Correct Answer - Option 1 : x – 2y + z = 0
Calculation:
Let the direction ratios of the plane containing lines \(\frac{x}{3} = \frac{y}{4} = \frac{z}{2}{\rm{\;and\;}}\frac{x}{4} = \frac{y}{2} = \frac{z}{3}{\rm{\;is}}\left\langle {\hat i,\hat j,\hat k} \right\rangle\)
The plane normal to the plane containing two given lines is:
\(\Rightarrow {n_1} = \left| {\begin{array}{*{20}{c}}
{\hat i}&{\hat j}&{\hat k}\\
3&4&2\\
4&2&3
\end{array}} \right|\)
\(\Rightarrow {n_1} = \hat i\left( {12 - 4} \right) - \hat j\left( {9 - 8} \right) + \hat k\left( {6 - 16} \right)\)
\(\Rightarrow {n_1} = \hat i\left( 8 \right) - \hat j\left( 1 \right) + \hat k\left( { - 10} \right)\)

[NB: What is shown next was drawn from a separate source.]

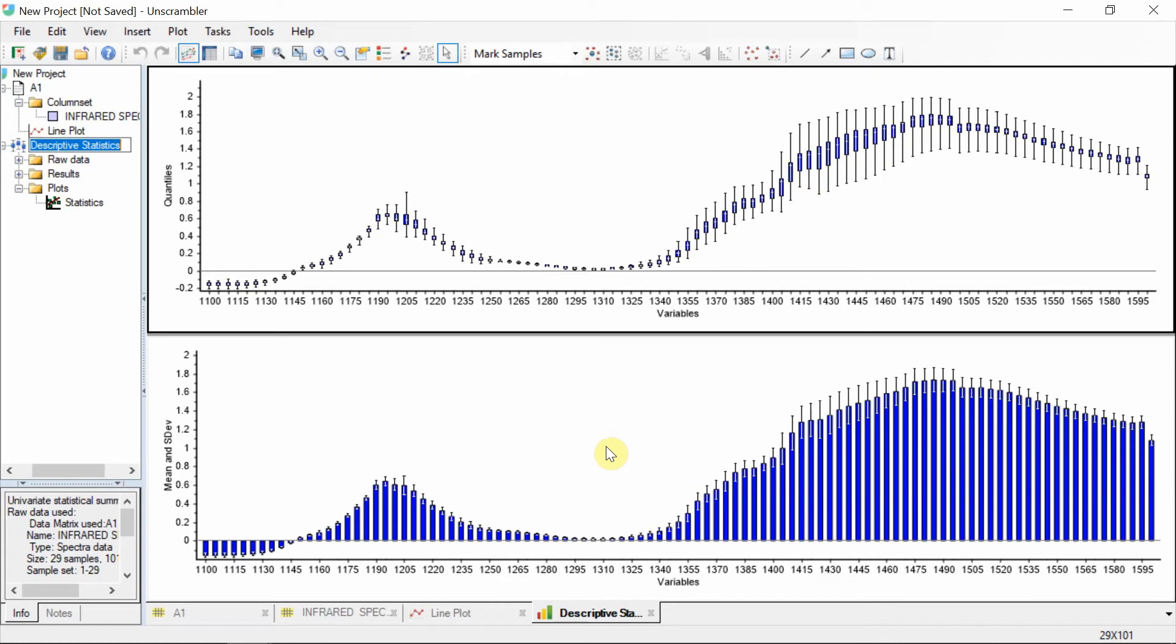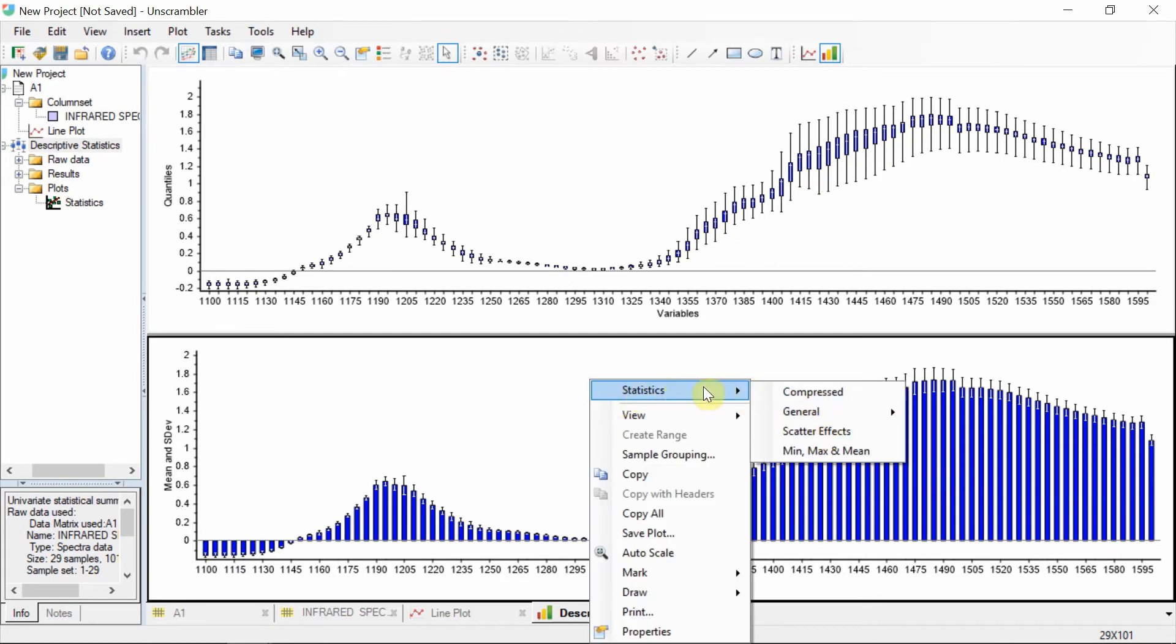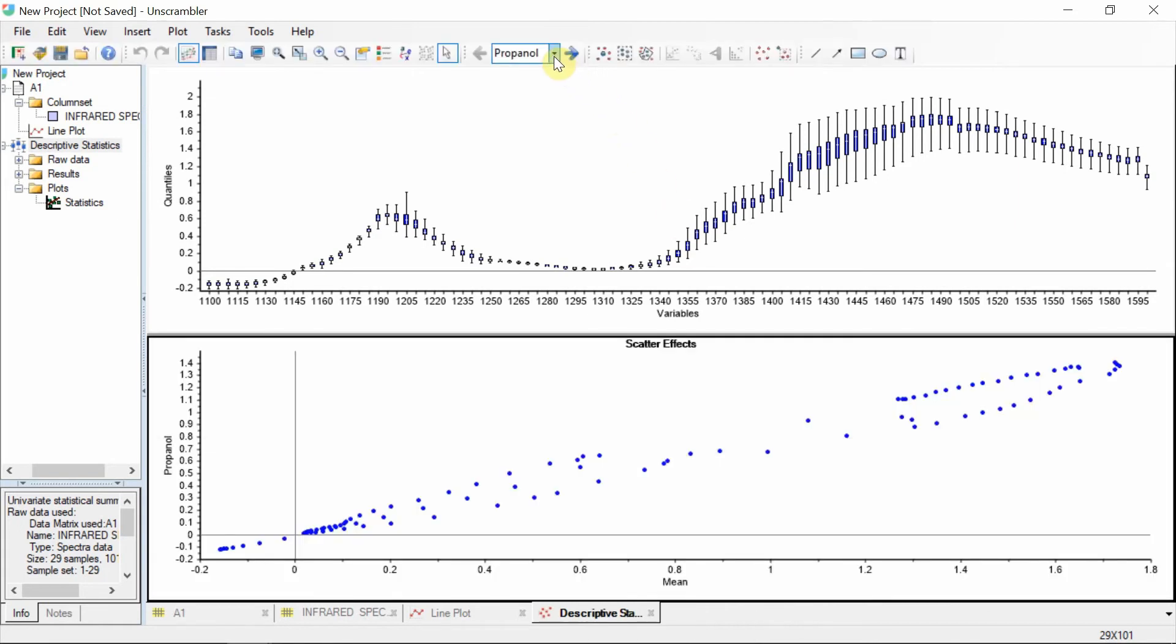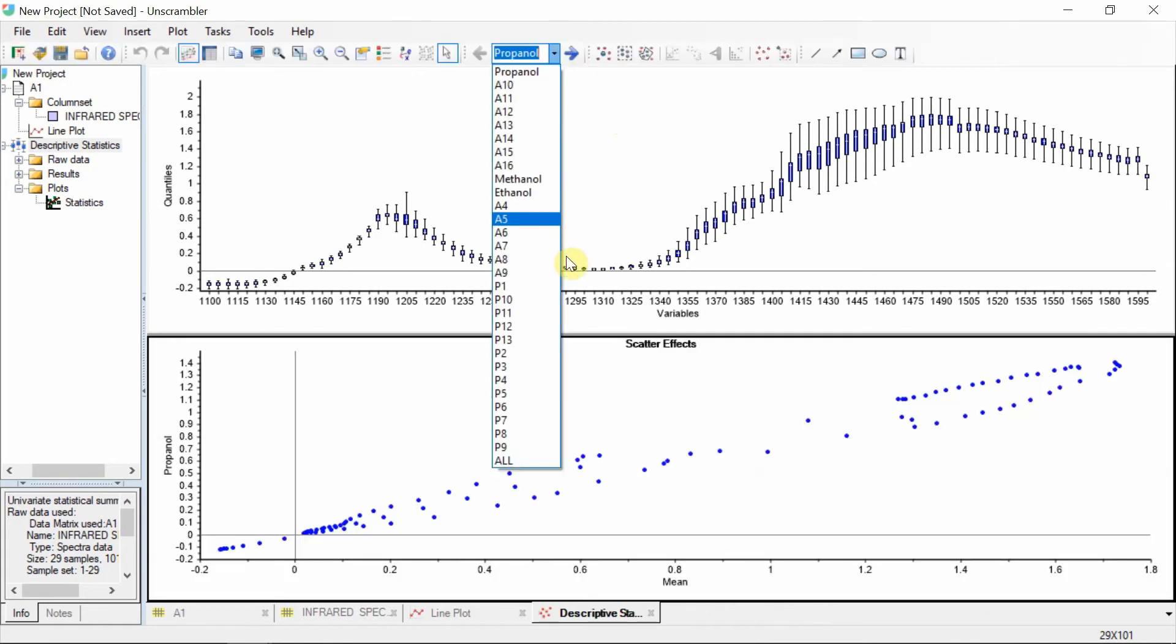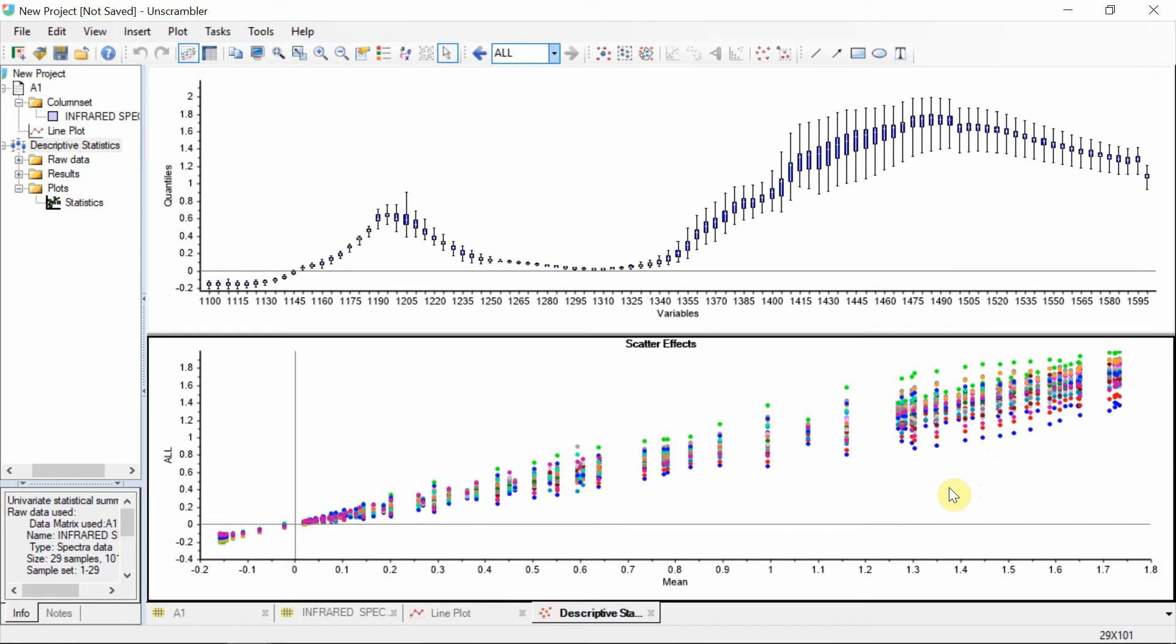We can look more into this by selecting the scatter effects plot within the statistics menu. We can select which samples we want to plot from this drop-down menu. Select all samples. This pattern of widening towards the end is indicative of multiplicative scatter effects, which typically arise due to interferences like differences in particle size.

From question, the plane containing above two lines and another plane is perpendicular to each other.
\(\Rightarrow \left( {8\hat i, - 1\hat j, - 10\hat k} \right) \times \left( {2\hat i + 3\hat j + 4\hat k} \right)\)
\(\Rightarrow \left| {\begin{array}{*{20}{c}}
{\hat i}&{\hat j}&{\hat k}\\
8&{ - 1}&{ - 10}\\
2&3&4
\end{array}} \right| = 0\)
\(\Rightarrow \hat i\left( { - 4 + 30} \right) - \hat j\left( {32 + 20} \right) + \hat k\left( {24 + 2} \right) = 0\)
\(\Rightarrow \hat i\left( {26} \right) - \hat j\left( {52} \right) + \hat k\left( {26} \right) = 0\)
\(\therefore \left( {\hat i - 2\hat j + \hat k} \right) = 0\)
Therefore, equation of plane is x - 2y + z = 0